We didn't expect Monday's auction to produce much in the way of high volume or sustained volatility, and a generally quiet session is exactly what we got. All major equity futures contracts finished the regular session within spitting distance of their opening print. And volume, while not anemic, was on the light side. I believe we can all agree Monday's coast-to-coast solar eclipse won out over American productivity.
Based on Monday's lack of bearish follow, shorter timeframe traders will likely be stalking one- to two-day bounces in names still holding above recent support levels or higher timeframe moving averages. Those not scalping over a short timeframe, however, are apt to sit on their hands and await slightly higher prices to sell into.
A few well-known names trading near support to keep an eye on are Alphabet (GOOGL) above $900, Amazon (AMZN) above $950, Nvidia (NVDA) and Netflix (NFLX) as long as price remains above the 50-day moving average (MA, roughly $159), and Baidu (BIDU) as long as it remains above its 20-day MA. (Alphabet and Nvidia are part of TheStreet's Action Alerts PLUS portfolio.)
Yelp's chart is fairly straightforward.
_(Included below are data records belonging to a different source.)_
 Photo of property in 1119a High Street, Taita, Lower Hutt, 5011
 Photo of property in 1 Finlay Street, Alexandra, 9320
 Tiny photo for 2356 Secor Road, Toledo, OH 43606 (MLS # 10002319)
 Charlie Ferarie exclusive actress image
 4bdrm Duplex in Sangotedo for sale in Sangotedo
While some may be comfortable picking up shares within the $40.70 to $43.40 consolidation zone, my preference would be to wait for a break above $43.40. And as far as Paycom's chart is concerned, I'd be interested in trading the stock long as it breaks above $71.80 to $72.
The bottom line is that while the major index futures appear a bit precarious and numerous past momentum stocks have begun to display weakness, I believe a short bounce is in the cards. That said, I wouldn't getting married to my positions and I'd have hard stops in place in case any bounce gets immediately faded.
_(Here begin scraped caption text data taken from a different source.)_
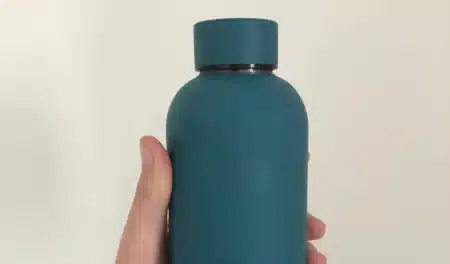 Oubliez votre gourde en plastique : les microparticules libérées dépassent les seuils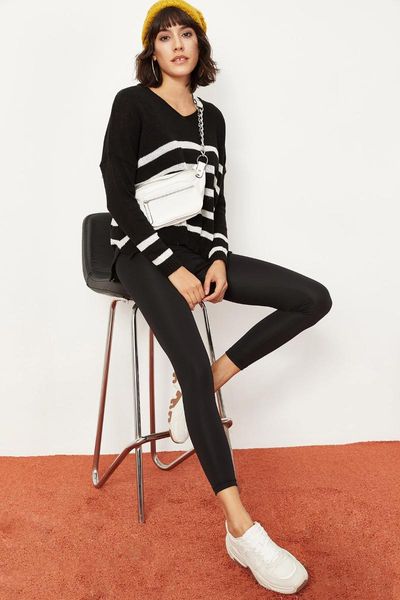 

women's diver black plain fabric lifting high waist tights casual sports leggings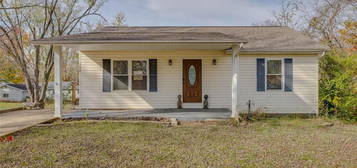 704 Teak St, Park Hills, MO 63601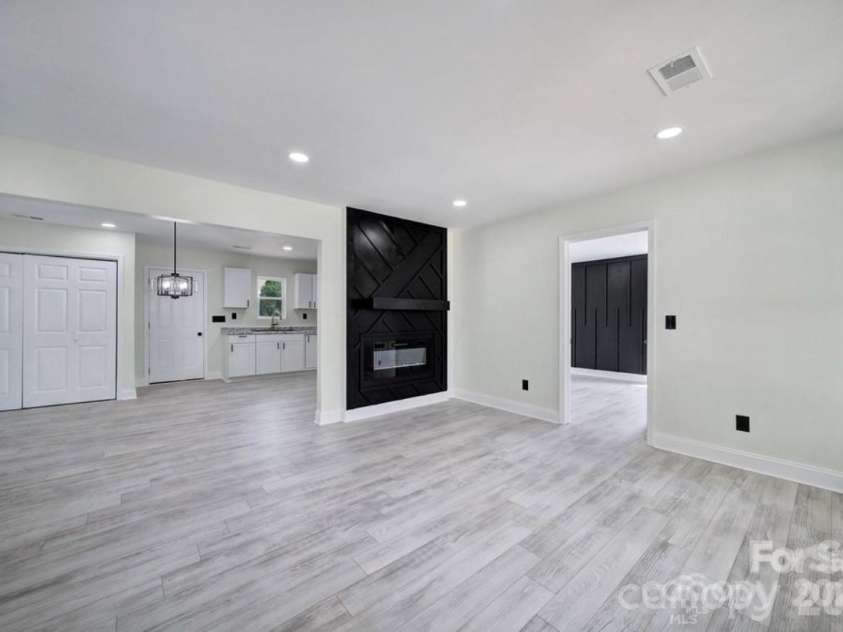 118 Henry Street, Lawndale, NC 28090.  MLS# CAR4386923, YatesRealty ID 44109.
Moving on to Tuesday's Es auction, we'll begin the day using 2424.50 to 2425.25 as our day timeframe pivot. As long as we're trading above that area, our baseline expectation will be for a drive into the low 2430s, followed by at least a half-hearted attempt to test levels around 2437.50. If demand increases as price is advertised above 2437.50, 2445 to 2447 becomes our next upside target, but that's as far as I'd expect any bounce to extend. Put another way, we'll look to fade a rally into the mid- to upper 2440s.
A bearish gap beneath 2424.50 encourages sellers to remain active, as they focus their efforts on auctioning prices toward 2417 and 2410.25 to 2411.75. As discussed in recent notes, we'll look for any test and/or break beneath 2400 to trigger a more pronounced response from dip buyers.